Prometheus Programming, Timing in Music

Yesterday was a slow day of feeling somewhat ill, the strange burning pain in my throat, chest, ears/nose, which slowly gyres around over a few days, never quite leading to sniffles or coughs, yet always feeling raw and sore. This comes and goes regularly and has for at least 10 years, and when it comes it knocks my energy levels. Just at the point when I feel a cold may fully emerge, it fades away and I wonder if there was anything ever there at all. As a result, I did little yesterday but rest and tweak The Jabberwocky, which is just about complete now.

Today I'm updating my music software, Prometheus. The biggest change is to the splitting of big samples. The program only supports samples of 90 seconds, so for longer samples it can auto-split these into 90-second (ish) sections and calculate, down to the exact sample, the place to start to play the next instrument to continue playing seamlessly.

This works fine, but has never worked when the tempo is toyed with because this really complicates the maths; essentially the program has to start at the start of the song and run through it all so that it can split the sample exactly correctly. I've made this change today. One downside it is that it is a lot slower to calculate than the old simple split. It can take a minute or more to split a long sample up, all due the need to go back to the start of the song and run through every change of the tempo. It can take as little as 5 seconds, or as long as 3 or 4 minutes if placed right at the end of a 200-minute long song (as IF I'd ever make a song that long! - but it is important to test the function in every extreme).

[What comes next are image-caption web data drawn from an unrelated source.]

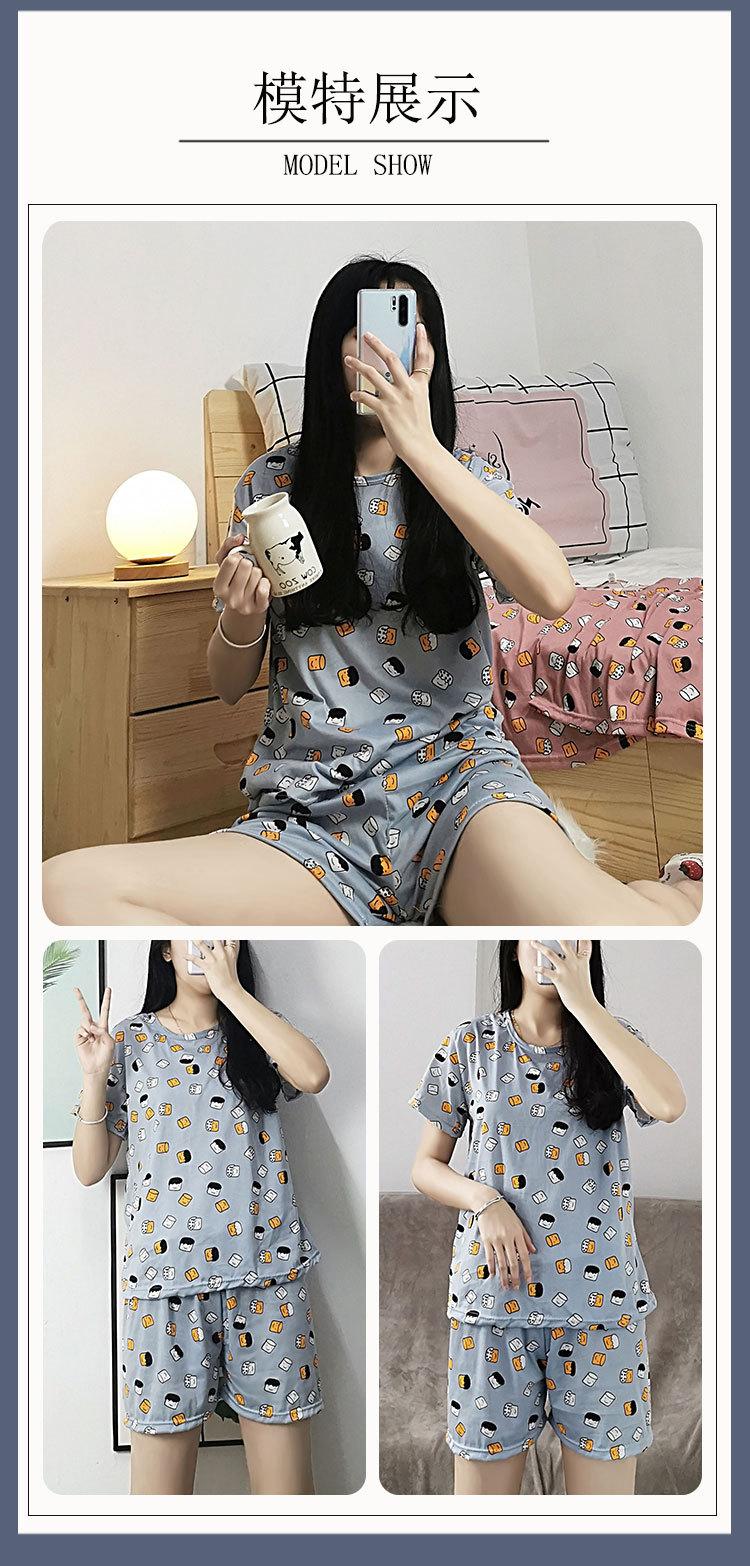 Product Introduction of Bộ Đồ Ngủ ngắn Tay Hàng Mới Về, Dành Cho Nữ, Mỏng Và Thoáng Khí, Thích Hợp Cho Mùa Hè, Áo Chui Đầu Cổ Tròn, Phong Cách Ngọt Ngào Và Dễ Thương, Thích Hợp Cho Các Cô Gái, Bộ Đồ Mặc Nhà 25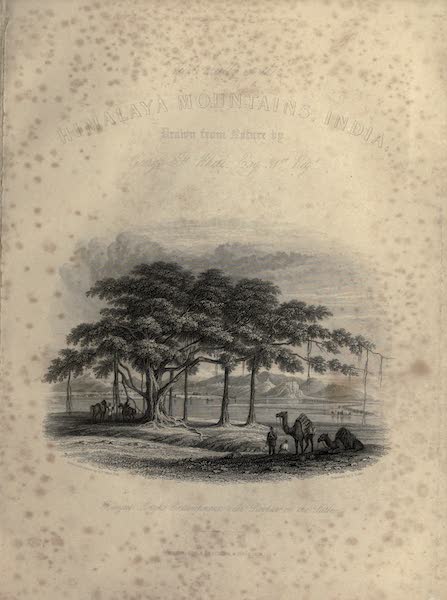 Views in India, chiefly among the Himalaya Mountains - Illustrated Title Page - Runjeet Singh's Encampment at Roopur, on the river Sutlej (1836)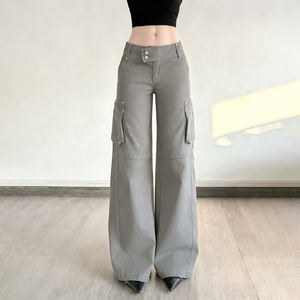 Overoles de Mezclilla para Mujer, Estilo Y2K, Casuales, de Cintura Baja, con Bolsillos Simétricos, Pierna Recta, Holgados, Lavados, Color Sólido - Product Image 5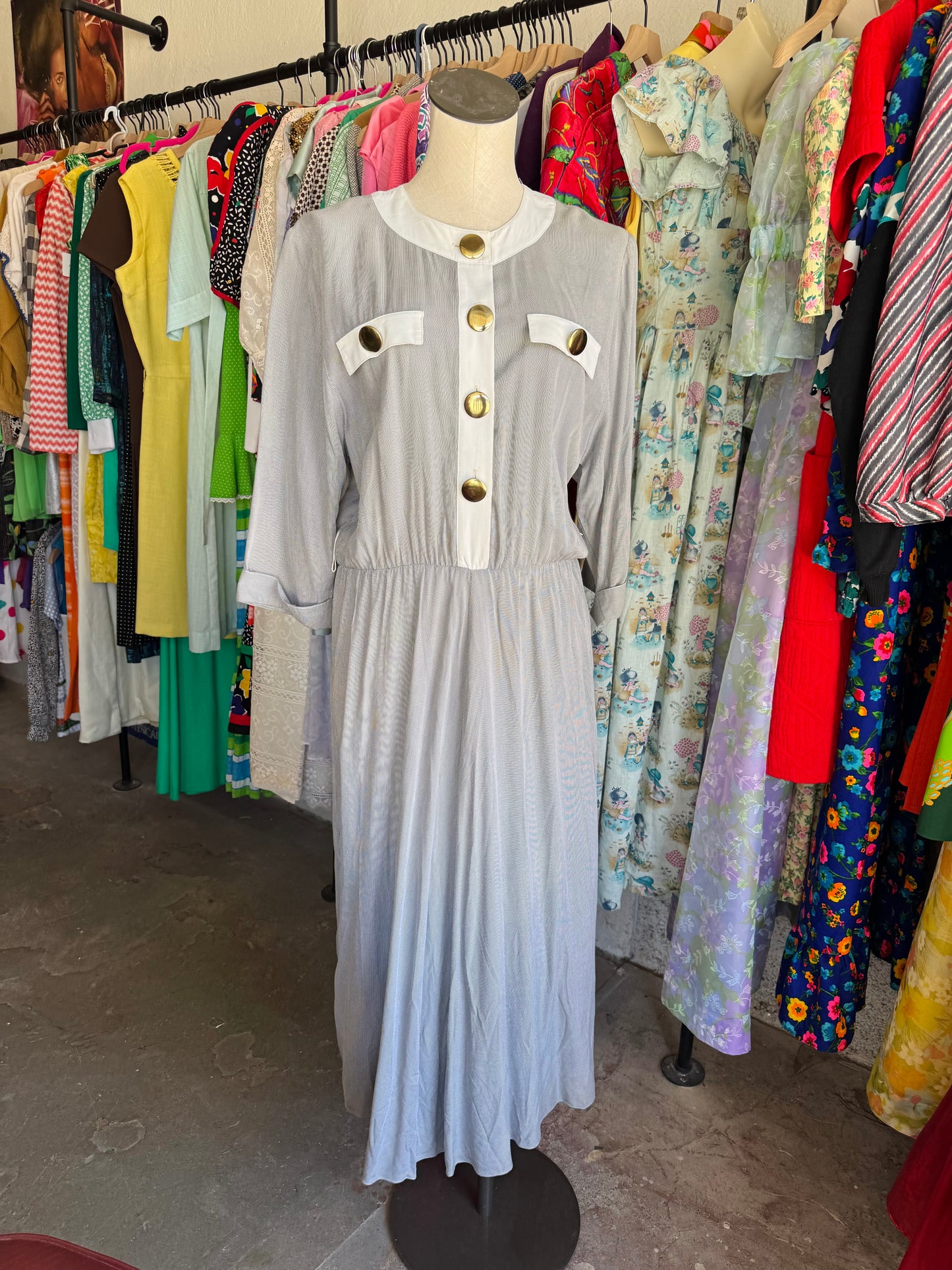 1980s NINA PICCAINO Striped Gold Button Dress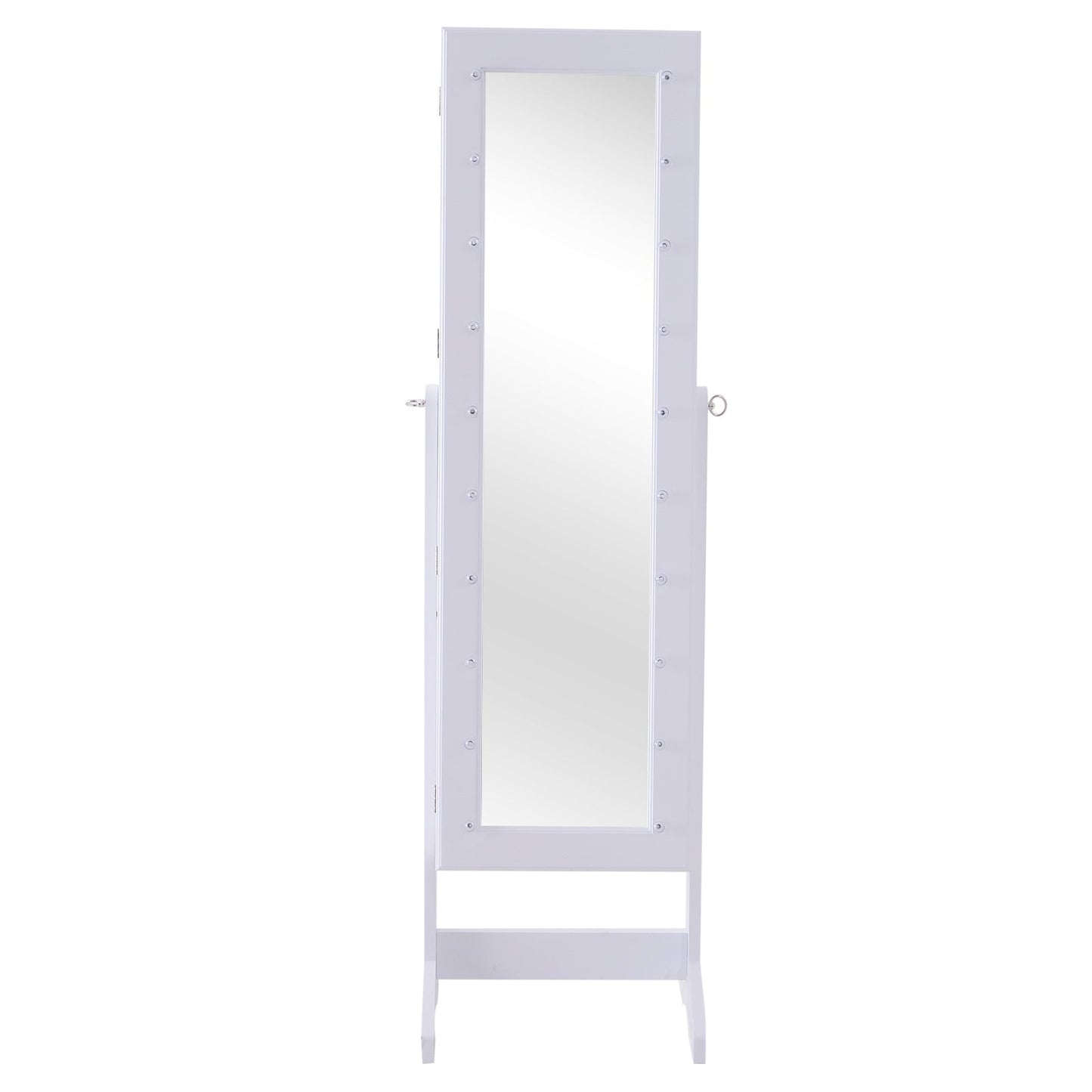 mirror jewelry wardrobe with 20 led lights, white, 40x37x146 cm - Borgè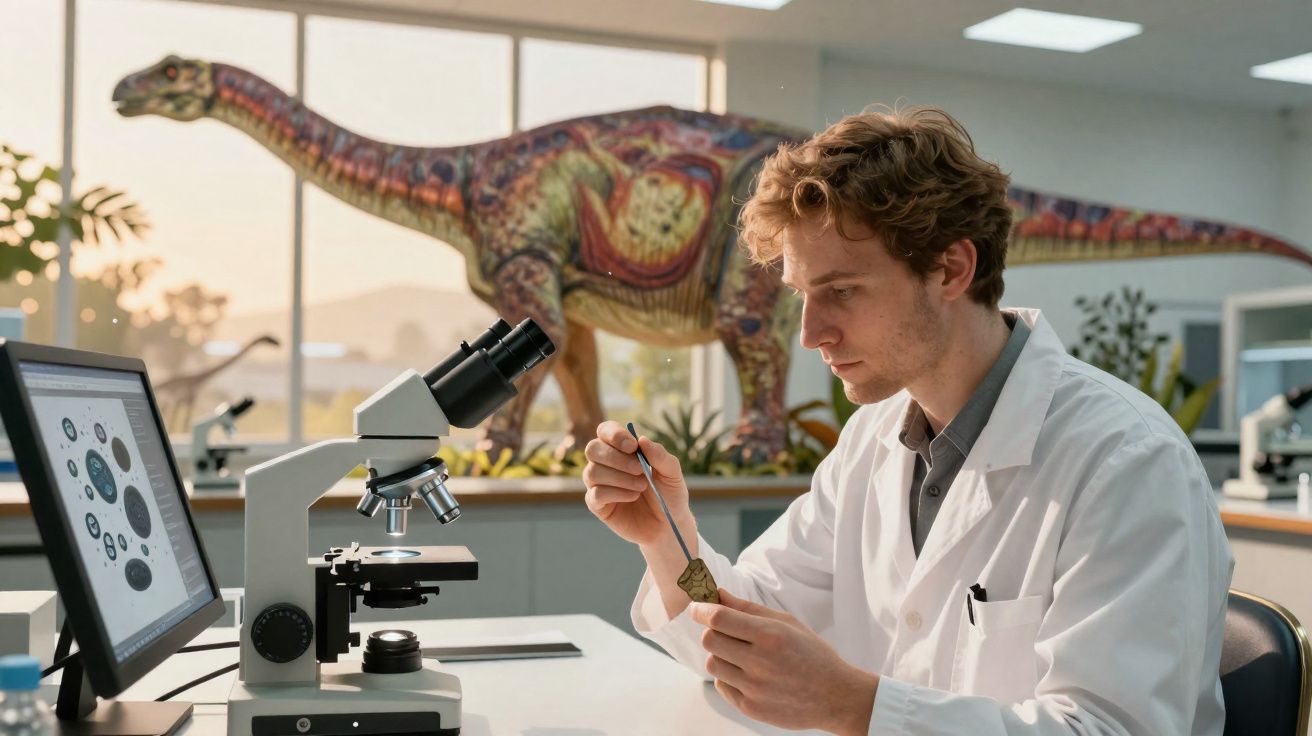 Pesquisador em laboratório examina fóssil com pinça, microscópio e modelo de dinossauro ao fundo.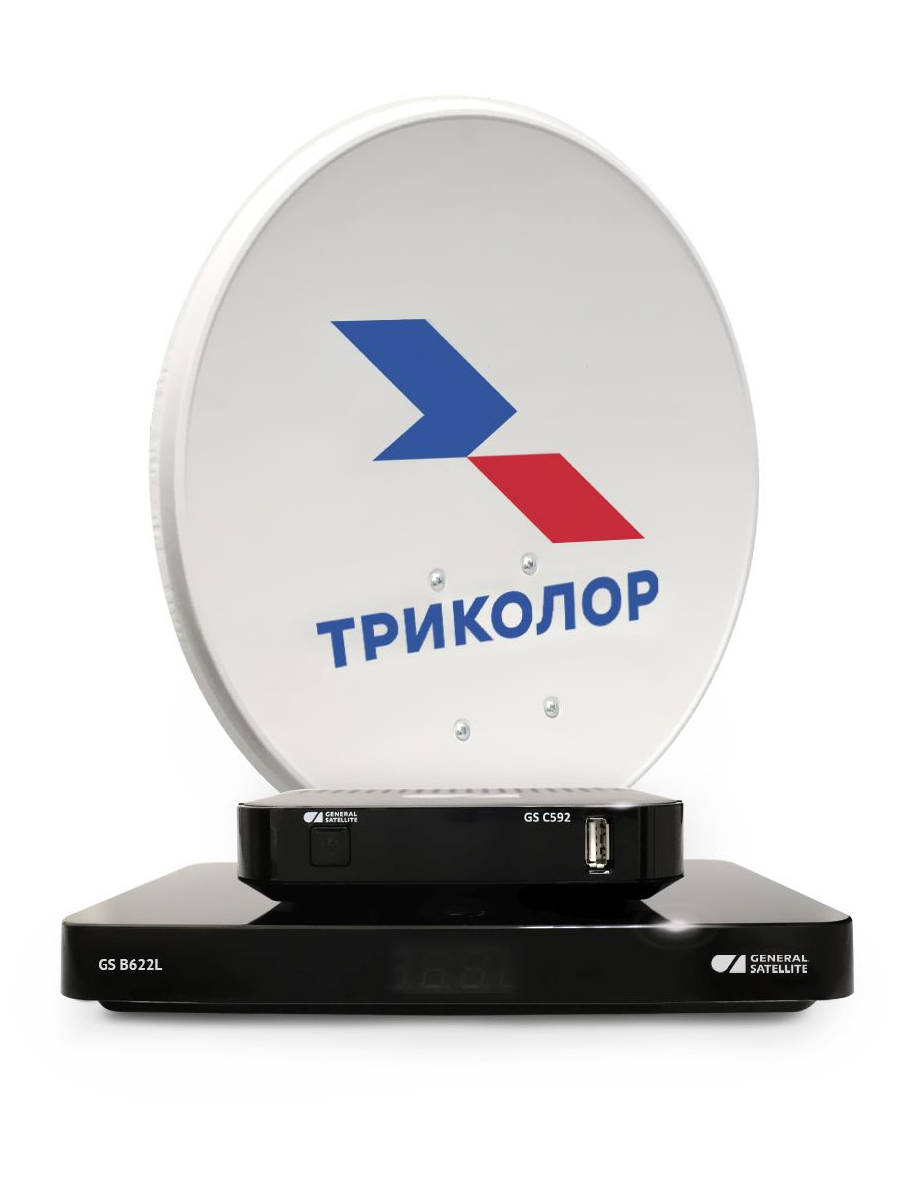 Комплект спутникового телевидения Триколор Ultra HD GS B622L/С592 (1 год) черный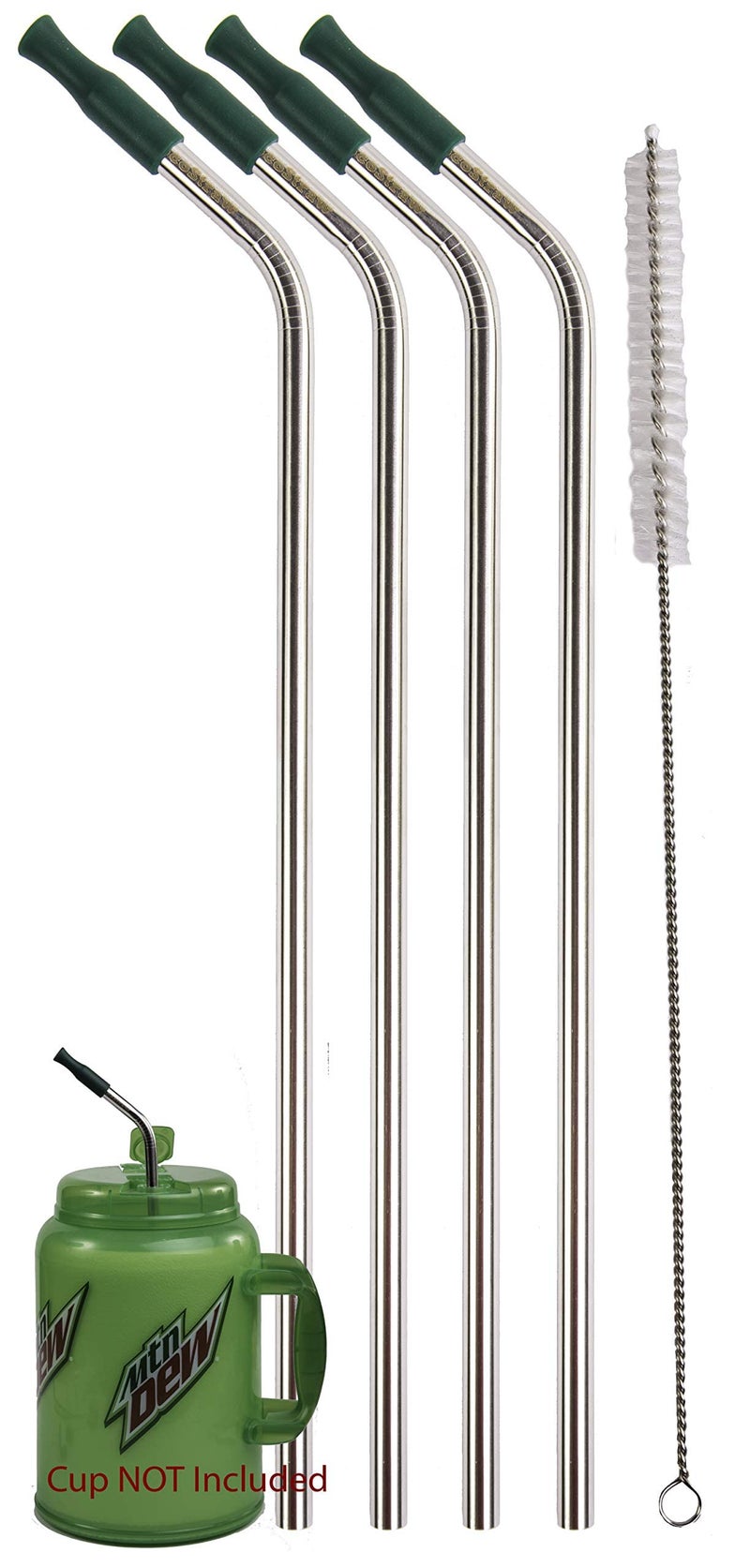 CocoStraw 4 JUMBO 14" Stainless Steel 100 oz Straw + 4 Silicone Tips HUGE SUPER LONG Drinking Wide Insulated Whirley Travel Mug FOAM Truck Stop Cup (4 Jumbo Straws) - Image 1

A second change is related. A similar calculation needs to take place when starting to play a sample in the middle. Normally in a sequencer, you click Play and the subsequent notes will start, but any that started earlier are not played. To be 100% accurate, the tail-ends of any prior notes should ideally play, and this can be very important, particularly when those long samples are there or when you start a long drone somewhere back at the start of a song. This is also a complex and slow calculation. The ability to do this accurately at any speed was hidden in the program options, so I've made this more overt and easier to toggle on and off.

These changes indicate that I'm using lots of long samples and am playing with the tempo a lot - in fact nowadays I rarely stick to one tempo throughout a song and try to speed up or slow down things for different moods. Regular tempo is one of the three big mood-killers in digital music, regular volume and regular pitch being the others. Early electronic music (pre-1985) sounds better than later because early synths were not pitch reliable and because digital sequencers were rare and complex to program.

One other thing I do now is craft each note rather than ever use shortcuts or copies. Even drumloops are different each time and not as perfectly accurate at they should be. Timing is crucial to emotion in music because music, like any drama, is all about anticipation and surprise - both are enabled principally by toying with time.